[Your objective] The lines to be extracted begin at the line containing "Really, it comes" and end at the last line of the data below; copy them exactly and leave out the pictures.

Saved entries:
>>>
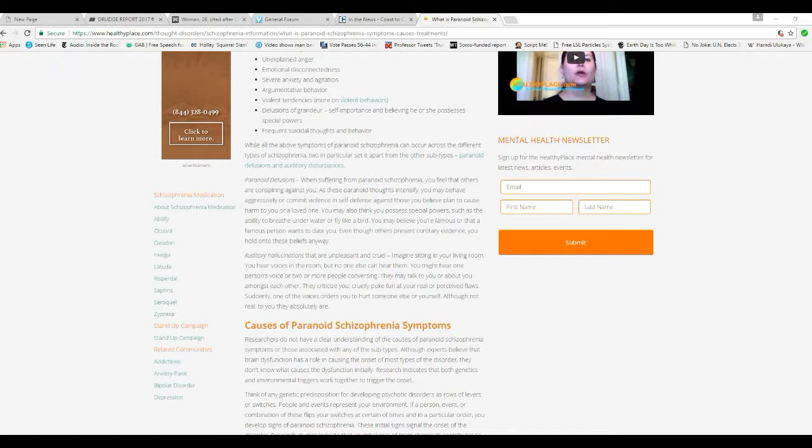Paranoid delusions. When suffering from paranoid schizophrenia, you feel that others are conspiring against you. And they've said that all along about Trump. And the Republicans, too. Let's not leave them out. Of course, a lot of them are legally spying limp-wristed rhinos, but that's another discussion.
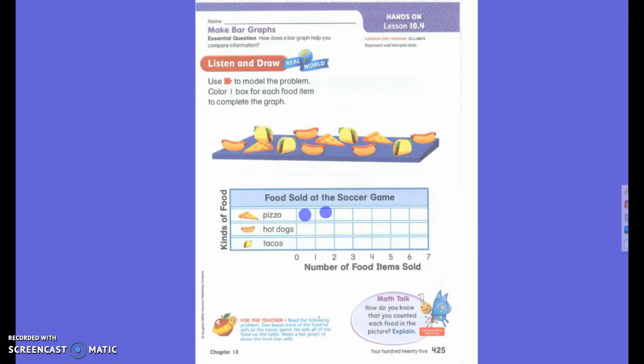We are going to be making our own bar graph. And just like you learned this week in math, you really, really have to read and be careful with each set of directions. I want you to get out your top colorful page and keep track of the food Dan sells at the soccer game. He sells all of the food on the table. Make a bar graph to show the food Dan sells.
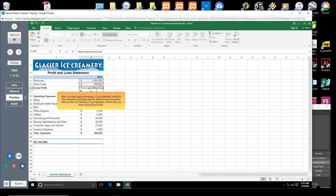After you finish typing revenues, Excel highlights cell B4 in the worksheet, indicating that the defined name revenues refers to that cell. Similarly, Excel highlights cell B5 after you finish typing direct costs.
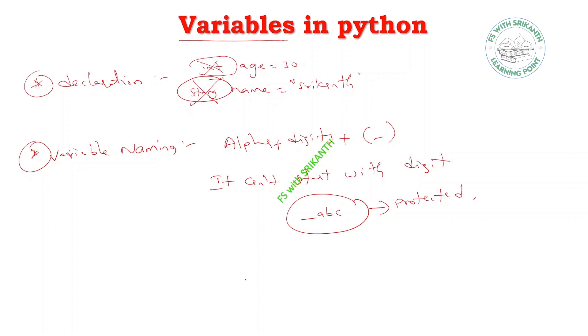The variable names are case sensitive. So abc equals 10 and ABC equals 20 - consider both as two different variables. And data types:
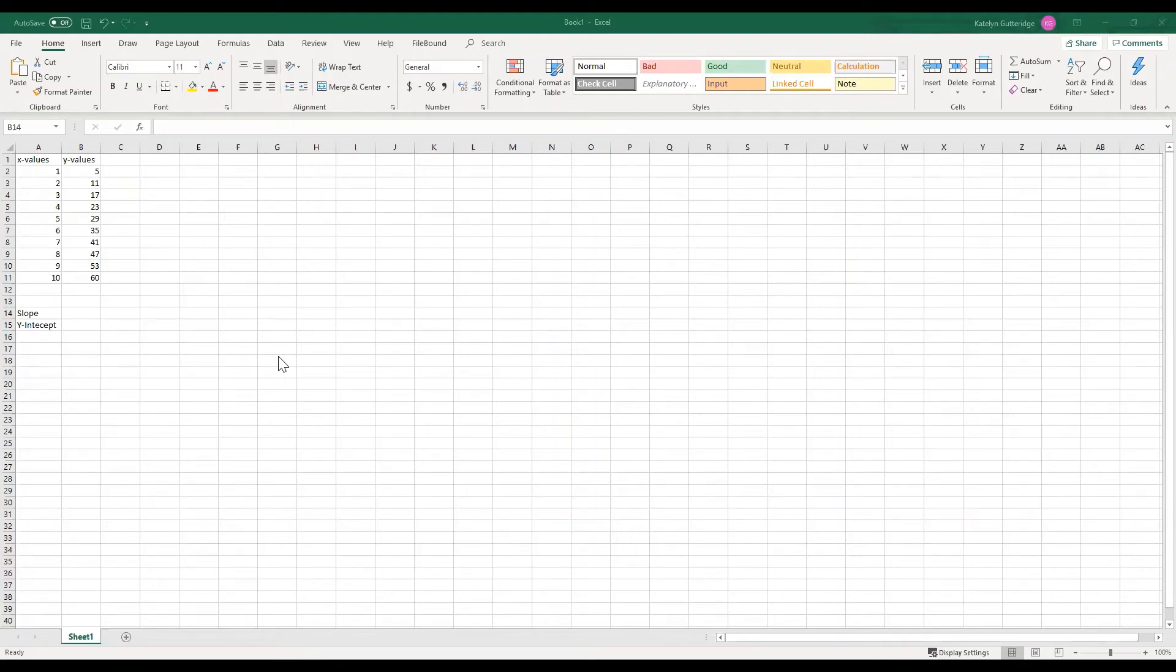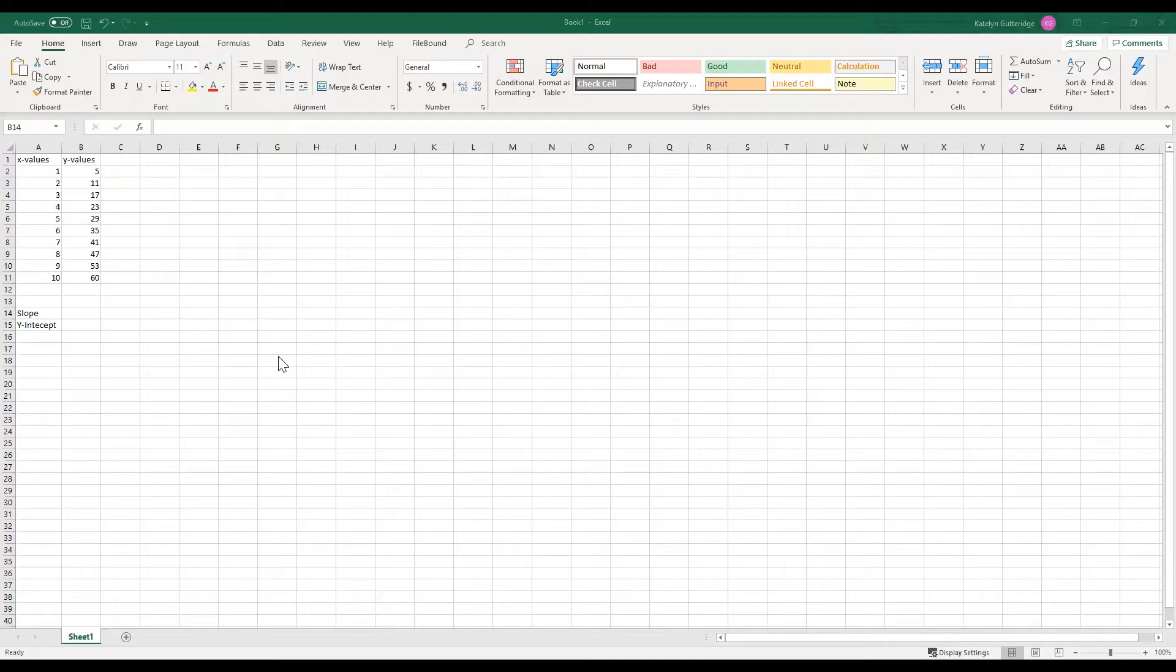Hi class! This is to help with using the slope function and the intercept function in Excel. They are very handy to use and they are very nice to have. Okay, so let's start with slope.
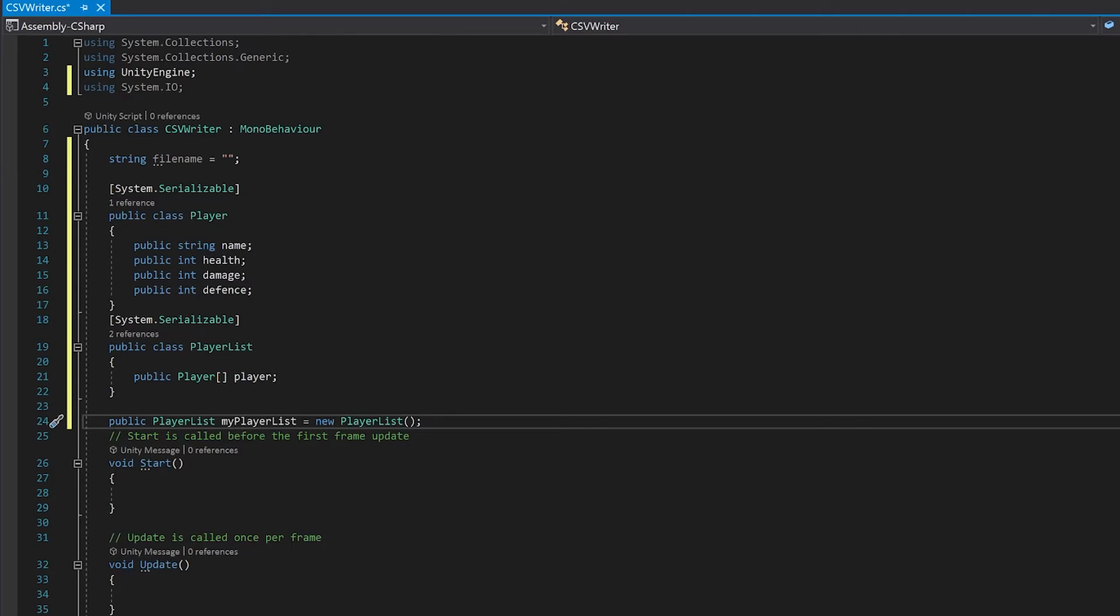So in the start function we're going to determine the name of our file name. I'm just going to use the application data path.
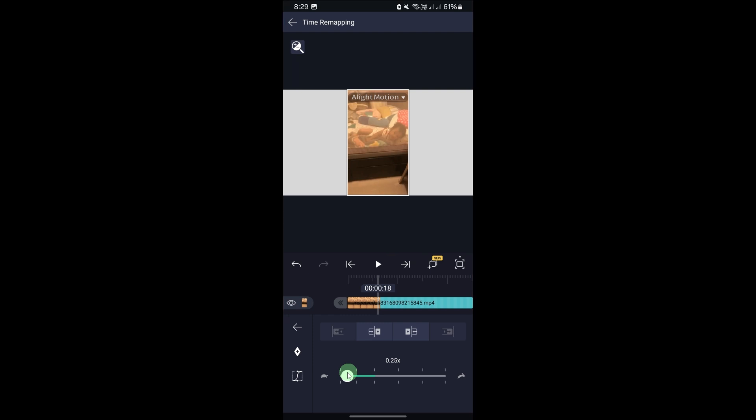You can experiment with different speed settings to get the desired slow motion effect, then play the video to see how the slow motion effect looks. If the effect is too slow or not smooth enough, you can further adjust the speed or apply additional effects like motion blur.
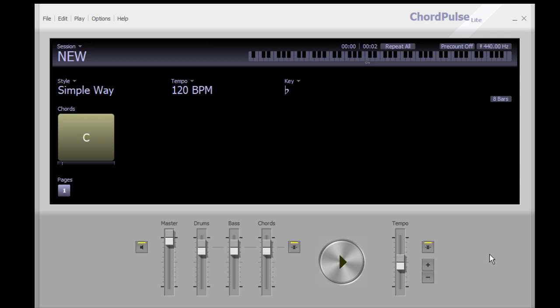This will be an overview on how to use Chord Pulse Lite. I'll just go down through this quickly.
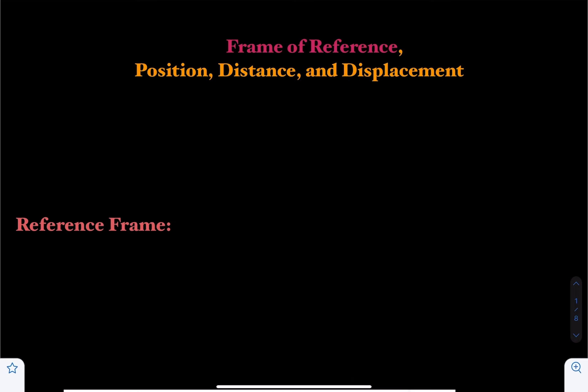Let's get started with reference frame or frame of reference. In simple words, reference frame is an abstract coordinate system which our measurements are based on. Any measurements of position, distance, speed, velocity and so on must be made with respect to a frame of reference.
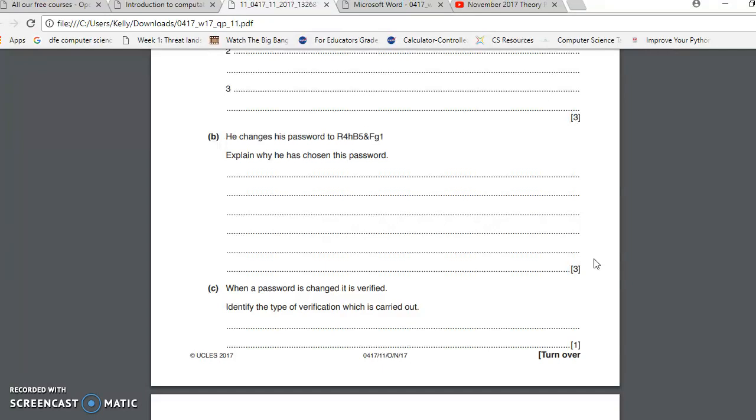It's got capitals and it's got lowercase, that means it's a strong password. And also, another way people could actually check your password is by shoulder surfing.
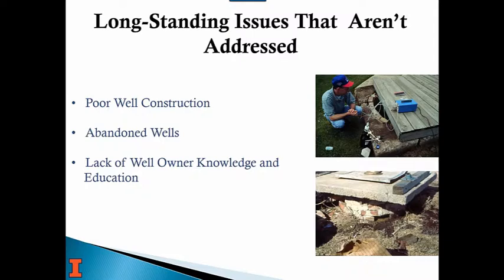Really, it comes down to two core issues. About 90% of the time it's poor well construction — wells grandfathered in or still in use that don't even meet current code — and the lack of well owner knowledge and education about what it means to be a well owner and being a good steward of their well. Our class is meant to give people a broad, comprehensive look at what it means to be a well owner and how they can protect their family's drinking water health.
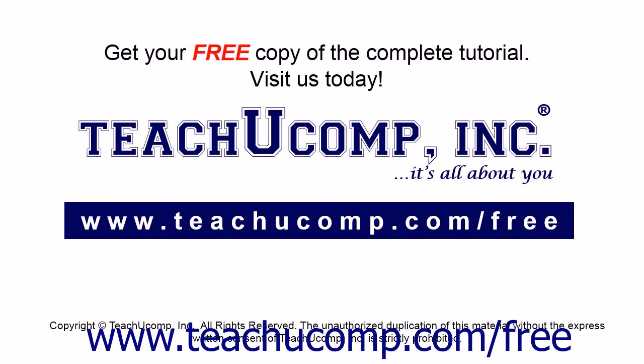Get your free copy of the complete tutorial at www.teachucomp.com forward slash free.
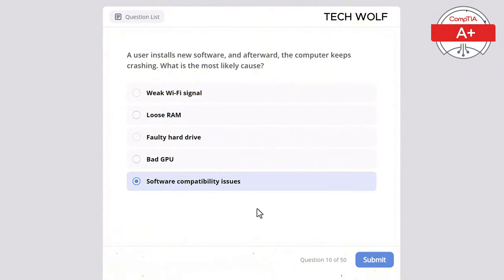Which of the following is the purpose of thermal paste in a computer? The correct answer is to improve heat transfer between the CPU and heat sink. Thermal paste improves heat transfer between the CPU and the heat sink, ensuring efficient cooling.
<<<
[Answer for this exercise]
Really, it comes down to two core issues. About 90% of the time it's poor well construction — wells grandfathered in or still in use that don't even meet current code — and the lack of well owner knowledge and education about what it means to be a well owner and being a good steward of their well. Our class is meant to give people a broad, comprehensive look at what it means to be a well owner and how they can protect their family's drinking water health.
Get your free copy of the complete tutorial at www.teachucomp.com forward slash free.
Which of the following is the purpose of thermal paste in a computer? The correct answer is to improve heat transfer between the CPU and heat sink. Thermal paste improves heat transfer between the CPU and the heat sink, ensuring efficient cooling.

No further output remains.